Materials provided –
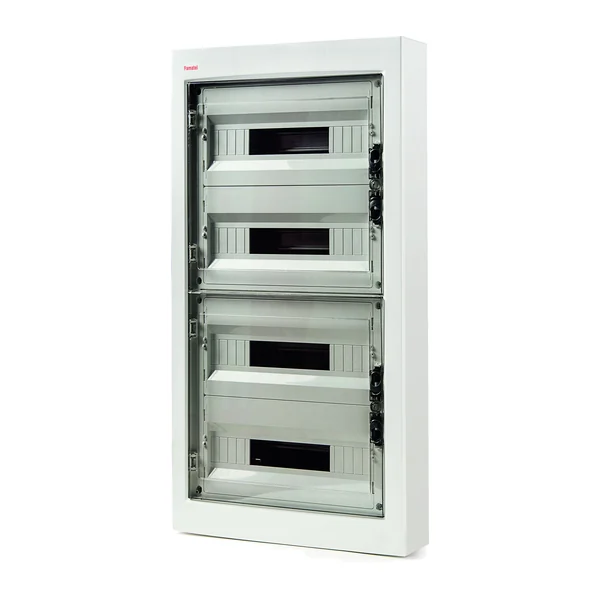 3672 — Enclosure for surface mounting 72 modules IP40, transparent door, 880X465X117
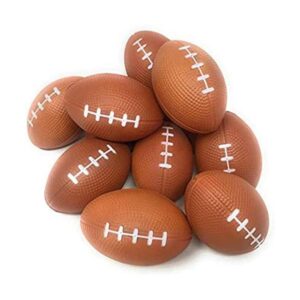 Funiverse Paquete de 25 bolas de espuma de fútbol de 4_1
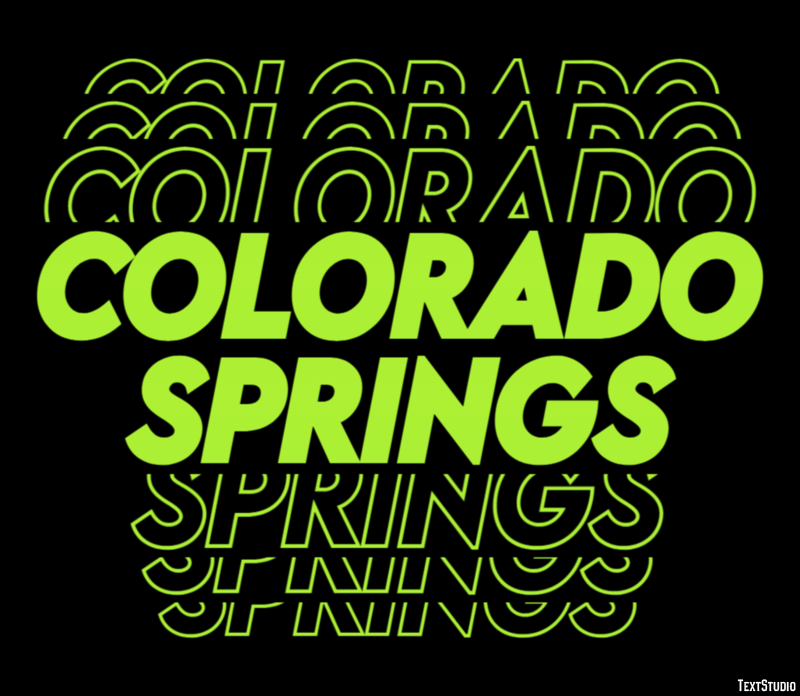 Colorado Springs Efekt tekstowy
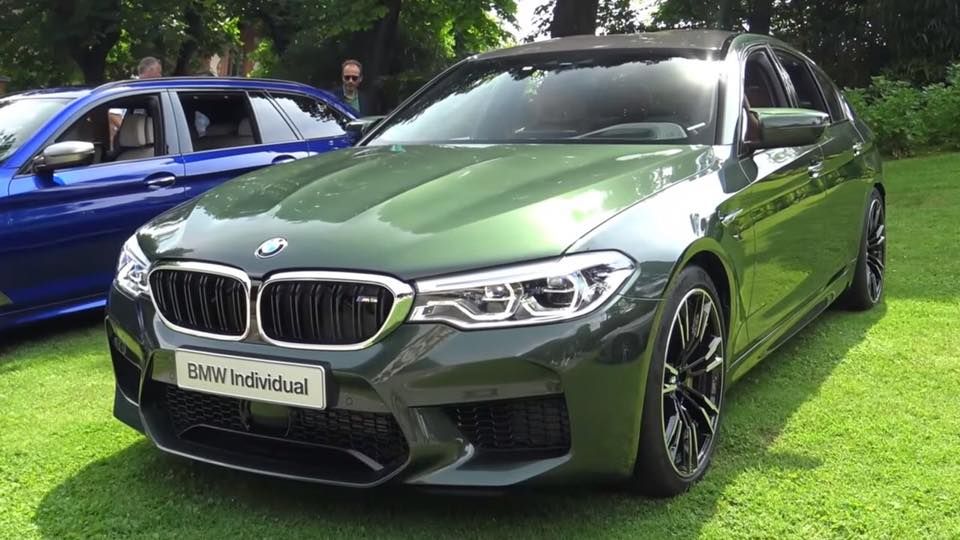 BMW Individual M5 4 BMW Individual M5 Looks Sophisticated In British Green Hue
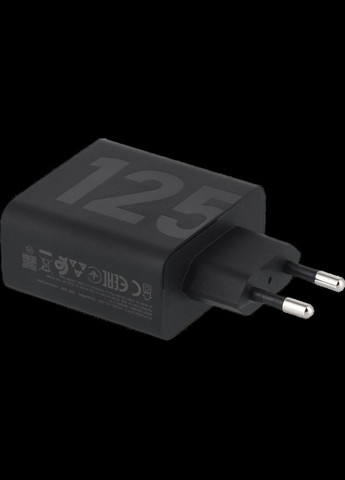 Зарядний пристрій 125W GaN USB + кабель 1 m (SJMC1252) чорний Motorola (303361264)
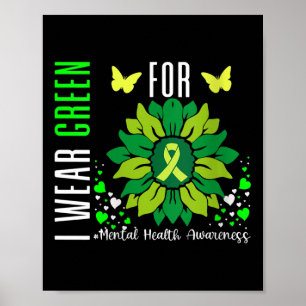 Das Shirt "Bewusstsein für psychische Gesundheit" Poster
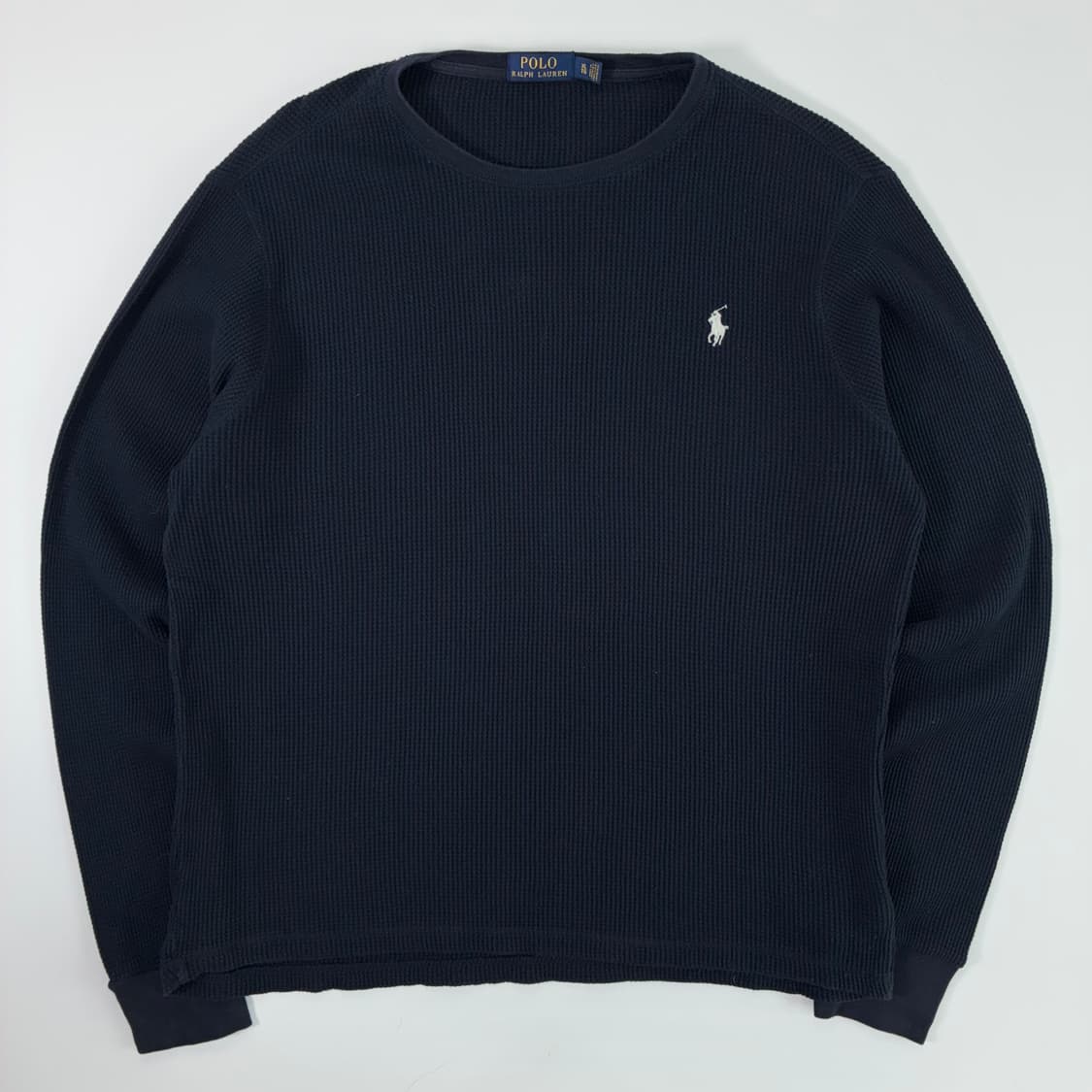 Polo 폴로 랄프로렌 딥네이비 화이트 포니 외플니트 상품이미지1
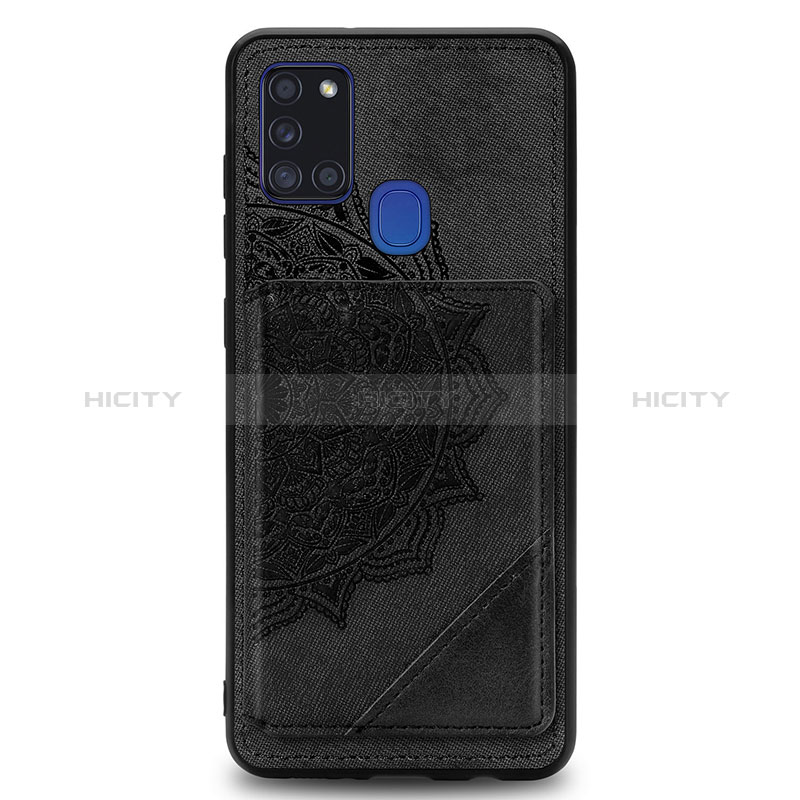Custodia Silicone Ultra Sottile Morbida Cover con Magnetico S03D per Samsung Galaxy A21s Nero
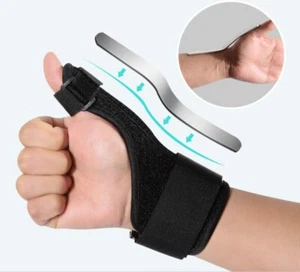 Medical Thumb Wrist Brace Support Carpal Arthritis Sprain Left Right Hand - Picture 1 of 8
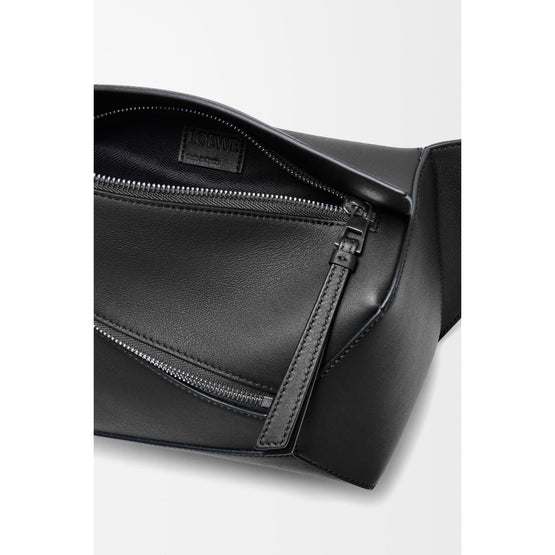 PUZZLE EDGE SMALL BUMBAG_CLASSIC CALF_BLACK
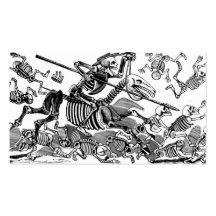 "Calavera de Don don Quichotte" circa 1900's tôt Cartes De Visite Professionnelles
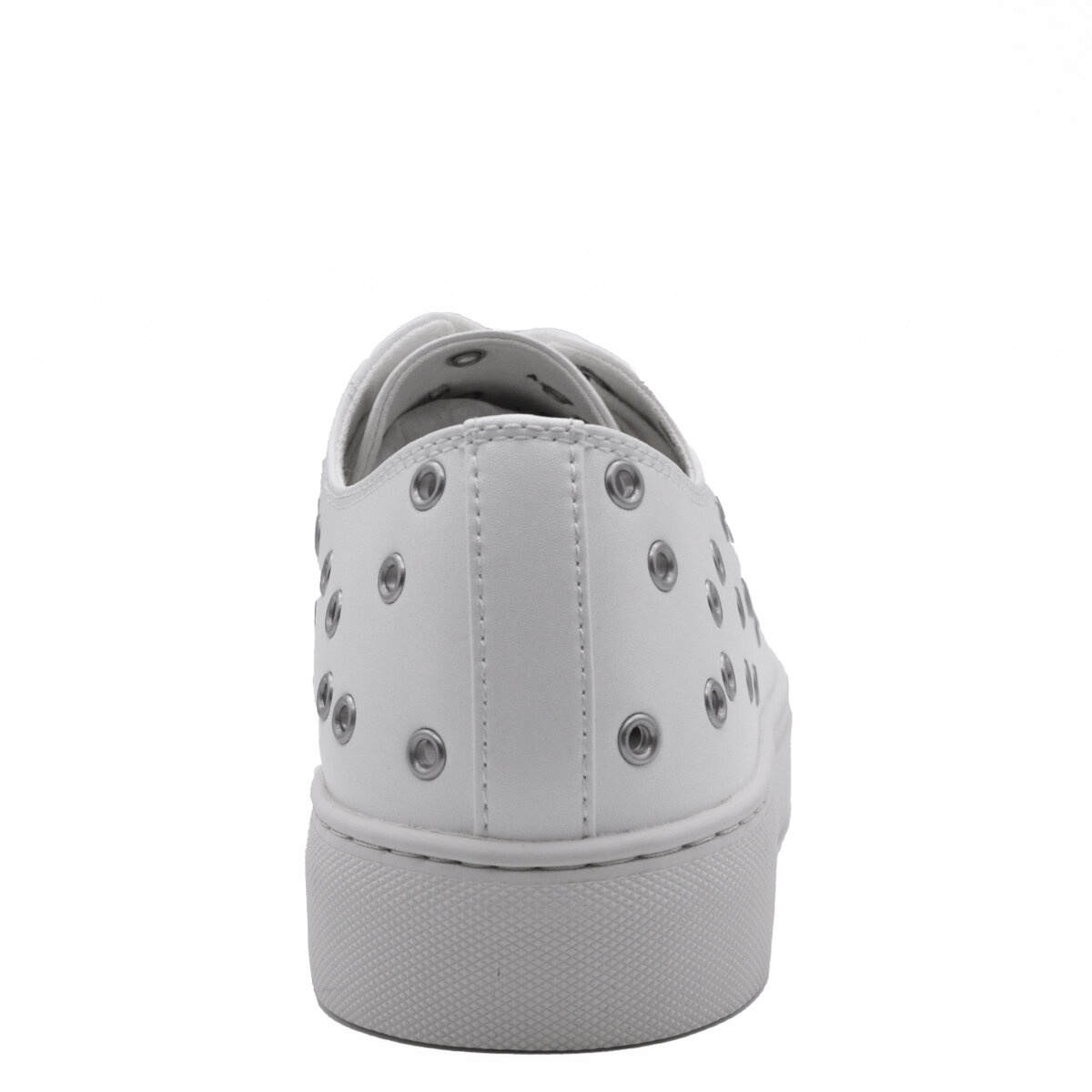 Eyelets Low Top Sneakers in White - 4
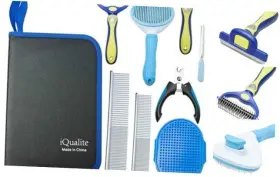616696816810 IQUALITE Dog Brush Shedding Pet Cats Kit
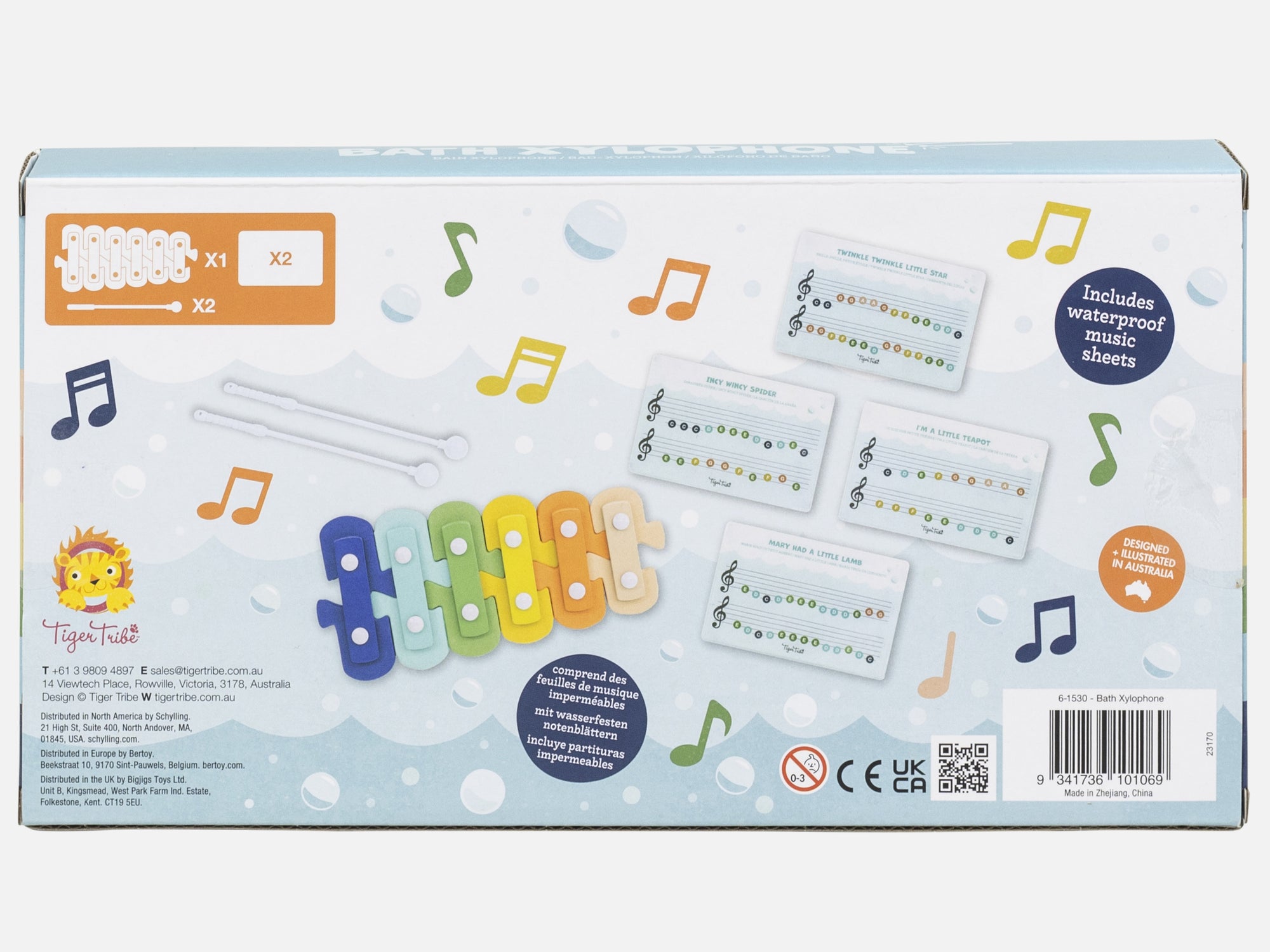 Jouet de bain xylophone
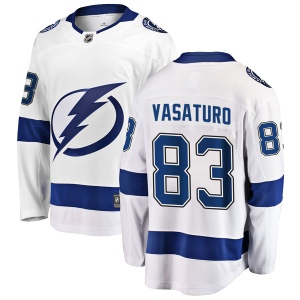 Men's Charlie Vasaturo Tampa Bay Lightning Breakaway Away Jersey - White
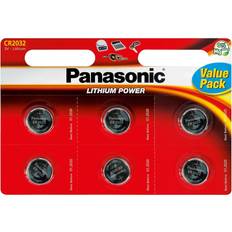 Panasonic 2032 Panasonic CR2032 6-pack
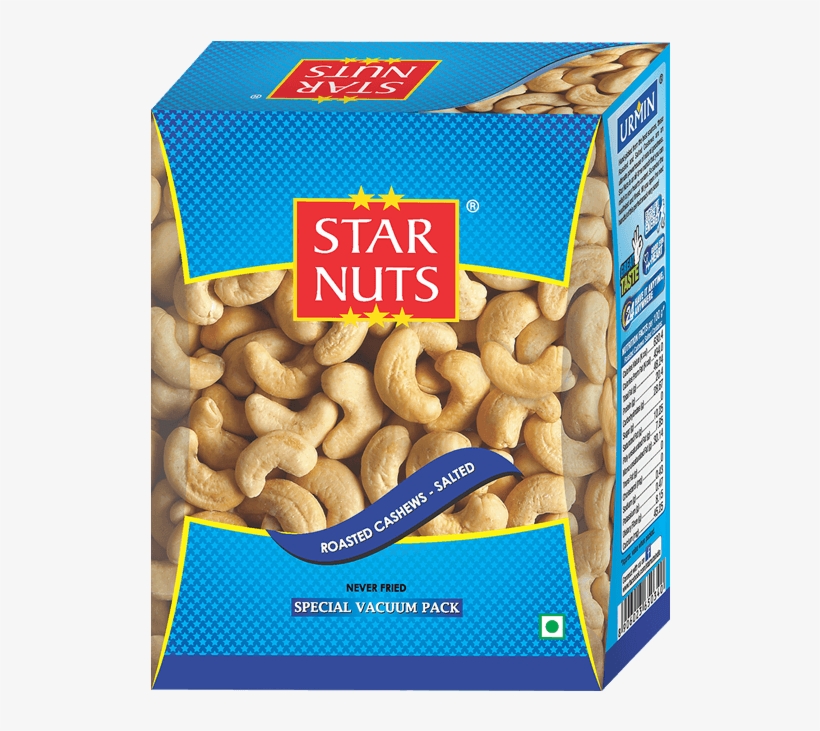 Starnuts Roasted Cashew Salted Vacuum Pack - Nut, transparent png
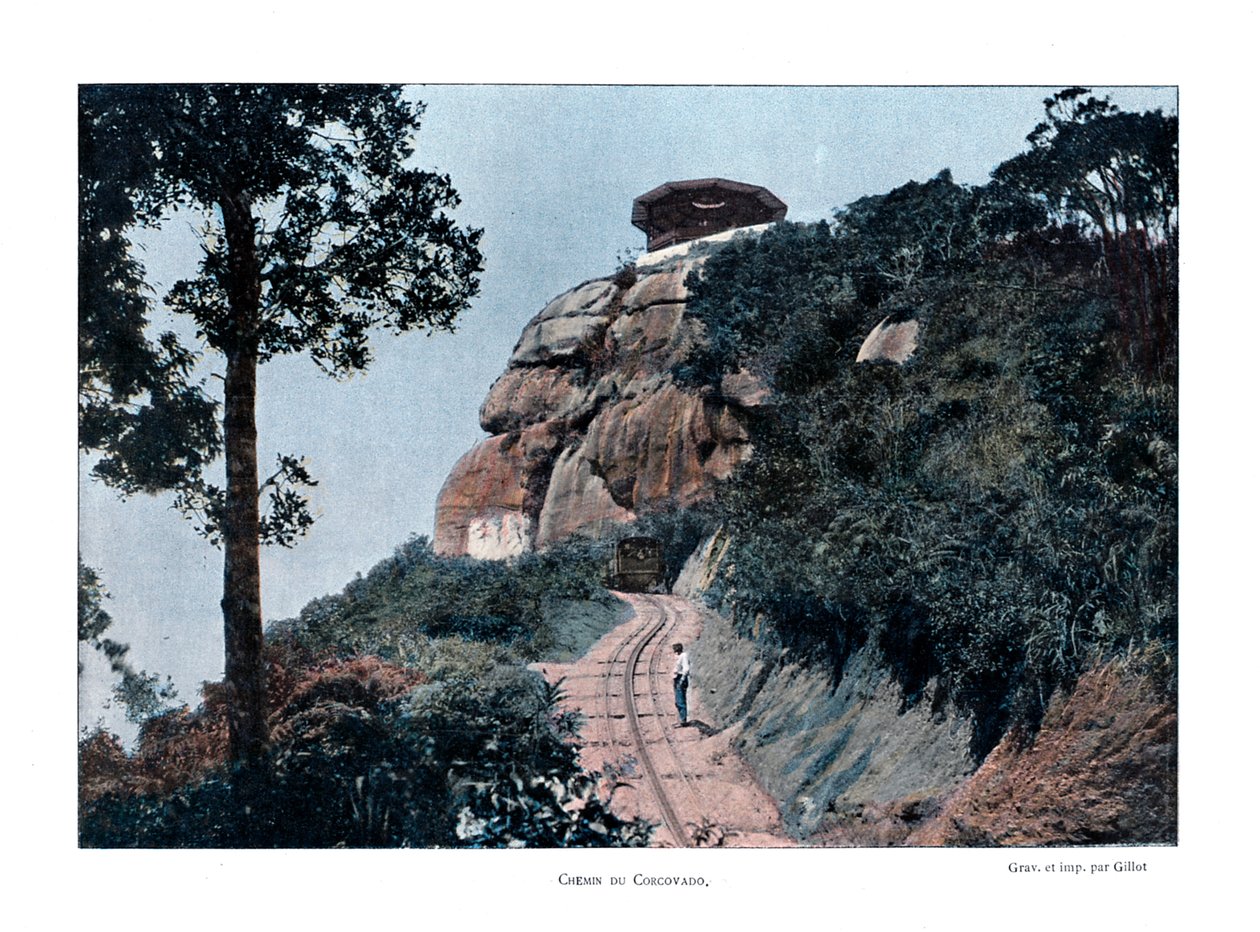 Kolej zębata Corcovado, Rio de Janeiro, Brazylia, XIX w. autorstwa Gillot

Work instructions –
Every record above must be repeated exactly, with the pictures dropped.

Answer box –
 3672 — Enclosure for surface mounting 72 modules IP40, transparent door, 880X465X117
 Funiverse Paquete de 25 bolas de espuma de fútbol de 4_1
 Colorado Springs Efekt tekstowy
 BMW Individual M5 4 BMW Individual M5 Looks Sophisticated In British Green Hue
 Зарядний пристрій 125W GaN USB + кабель 1 m (SJMC1252) чорний Motorola (303361264)
 Das Shirt "Bewusstsein für psychische Gesundheit" Poster
 Polo 폴로 랄프로렌 딥네이비 화이트 포니 외플니트 상품이미지1
Custodia Silicone Ultra Sottile Morbida Cover con Magnetico S03D per Samsung Galaxy A21s Nero
 Medical Thumb Wrist Brace Support Carpal Arthritis Sprain Left Right Hand - Picture 1 of 8
 PUZZLE EDGE SMALL BUMBAG_CLASSIC CALF_BLACK
 "Calavera de Don don Quichotte" circa 1900's tôt Cartes De Visite Professionnelles
 Eyelets Low Top Sneakers in White - 4
616696816810 IQUALITE Dog Brush Shedding Pet Cats Kit
 Jouet de bain xylophone
 Men's Charlie Vasaturo Tampa Bay Lightning Breakaway Away Jersey - White
 Panasonic 2032 Panasonic CR2032 6-pack
 Starnuts Roasted Cashew Salted Vacuum Pack - Nut, transparent png
 Kolej zębata Corcovado, Rio de Janeiro, Brazylia, XIX w. autorstwa Gillot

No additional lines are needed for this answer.